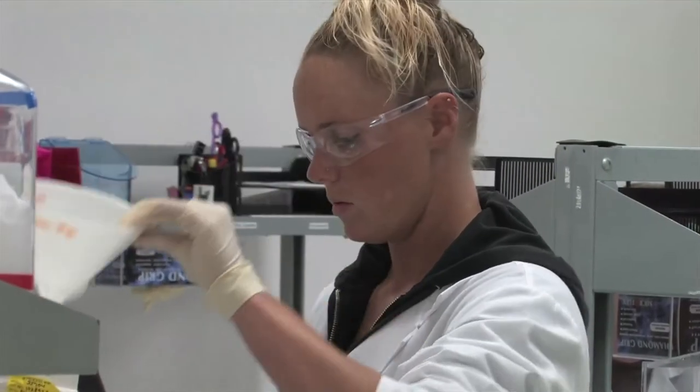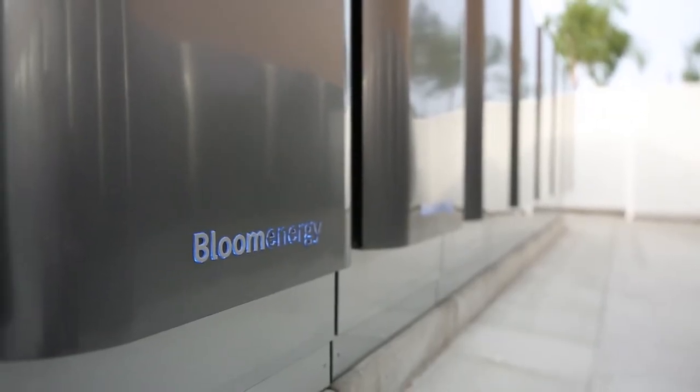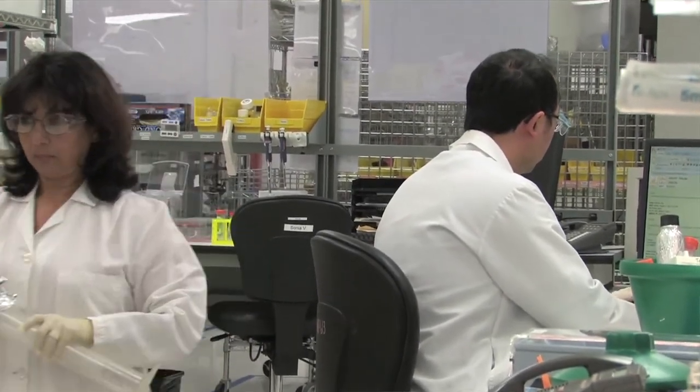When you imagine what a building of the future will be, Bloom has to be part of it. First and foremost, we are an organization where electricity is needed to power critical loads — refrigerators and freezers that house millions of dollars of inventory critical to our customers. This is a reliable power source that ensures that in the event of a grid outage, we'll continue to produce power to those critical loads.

--

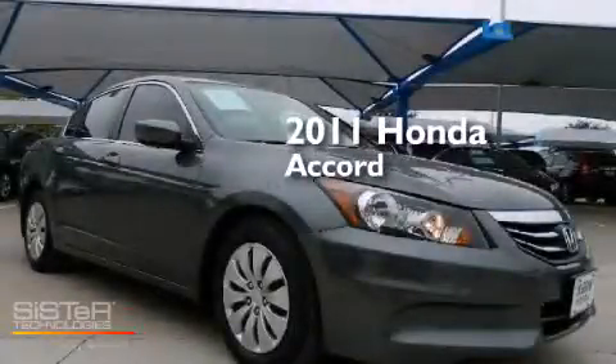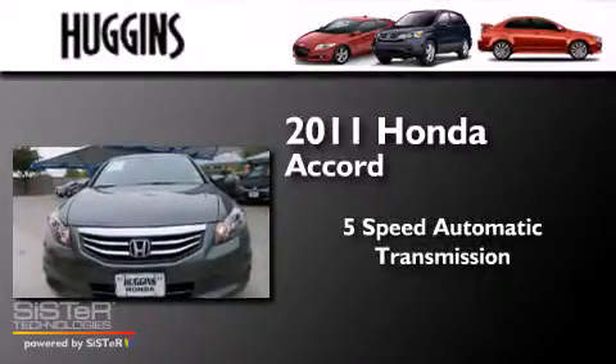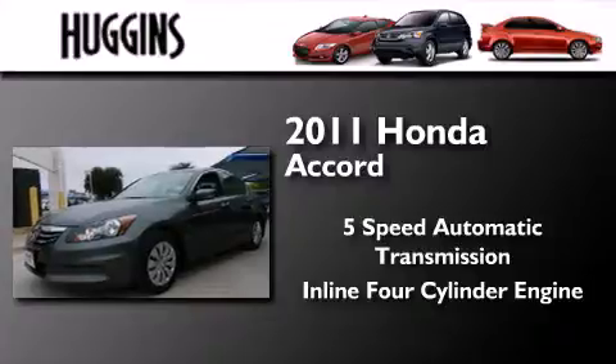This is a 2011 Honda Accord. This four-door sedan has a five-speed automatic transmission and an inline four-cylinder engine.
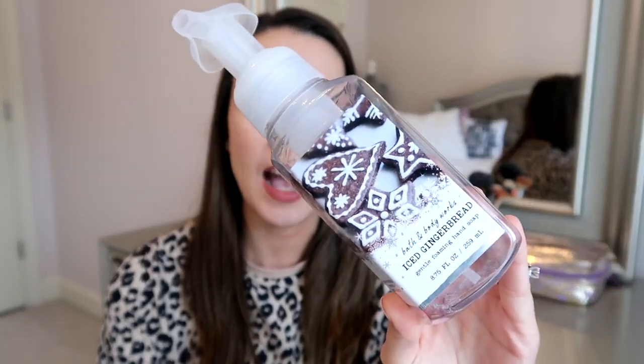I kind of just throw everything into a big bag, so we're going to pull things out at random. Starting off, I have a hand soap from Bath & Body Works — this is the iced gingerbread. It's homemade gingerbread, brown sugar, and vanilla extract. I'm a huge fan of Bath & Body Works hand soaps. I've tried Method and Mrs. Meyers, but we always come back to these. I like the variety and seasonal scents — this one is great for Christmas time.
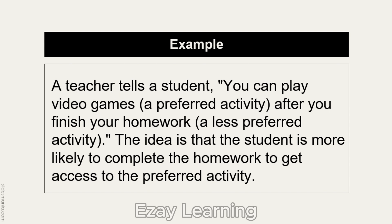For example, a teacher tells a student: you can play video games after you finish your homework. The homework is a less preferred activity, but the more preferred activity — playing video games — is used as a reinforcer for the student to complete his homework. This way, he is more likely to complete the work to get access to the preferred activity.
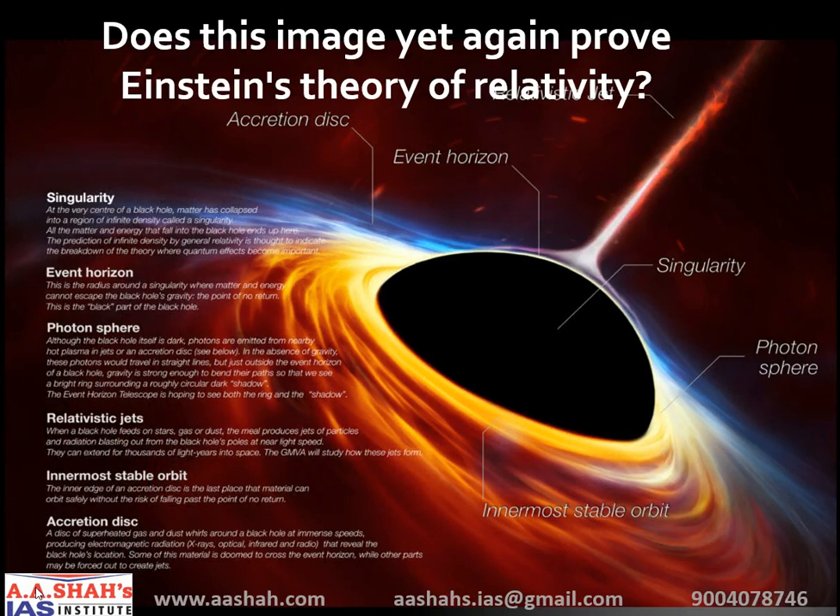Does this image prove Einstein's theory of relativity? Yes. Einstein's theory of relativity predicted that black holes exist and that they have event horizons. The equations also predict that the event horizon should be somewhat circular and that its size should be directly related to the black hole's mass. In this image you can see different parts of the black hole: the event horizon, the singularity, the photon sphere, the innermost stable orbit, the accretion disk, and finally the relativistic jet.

==

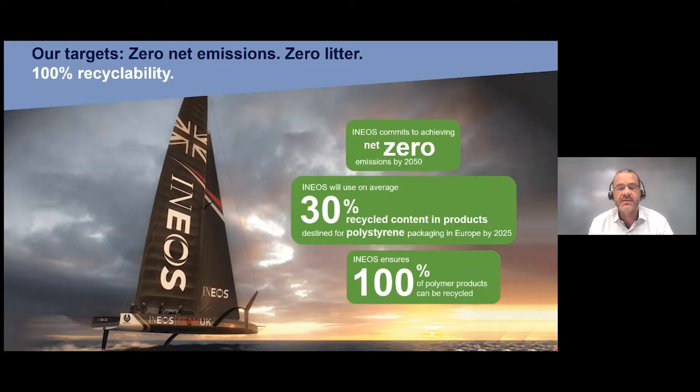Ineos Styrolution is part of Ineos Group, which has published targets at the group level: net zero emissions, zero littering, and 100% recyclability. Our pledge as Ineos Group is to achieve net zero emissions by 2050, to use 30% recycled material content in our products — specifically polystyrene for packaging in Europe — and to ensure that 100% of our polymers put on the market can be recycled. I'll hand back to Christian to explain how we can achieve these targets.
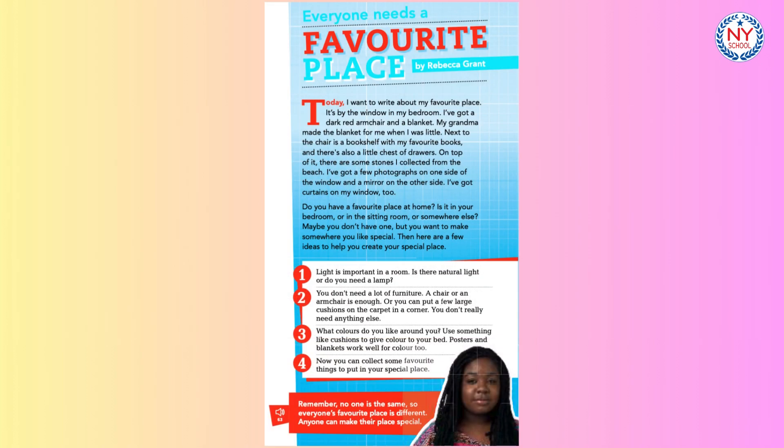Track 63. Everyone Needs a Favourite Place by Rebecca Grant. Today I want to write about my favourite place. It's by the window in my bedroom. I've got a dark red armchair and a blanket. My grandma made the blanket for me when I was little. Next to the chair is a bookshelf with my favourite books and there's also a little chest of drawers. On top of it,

* [What needs to be done]: In the records above, everything from the line with "This is a 2011" down to the line with "For example, a" is to be set down exactly, both ends included, with no pictures and no other lines.

* [Answer for the task]:
This is a 2011 Honda Accord. This four-door sedan has a five-speed automatic transmission and an inline four-cylinder engine.
I kind of just throw everything into a big bag, so we're going to pull things out at random. Starting off, I have a hand soap from Bath & Body Works — this is the iced gingerbread. It's homemade gingerbread, brown sugar, and vanilla extract. I'm a huge fan of Bath & Body Works hand soaps. I've tried Method and Mrs. Meyers, but we always come back to these. I like the variety and seasonal scents — this one is great for Christmas time.
For example, a teacher tells a student: you can play video games after you finish your homework. The homework is a less preferred activity, but the more preferred activity — playing video games — is used as a reinforcer for the student to complete his homework. This way, he is more likely to complete the work to get access to the preferred activity.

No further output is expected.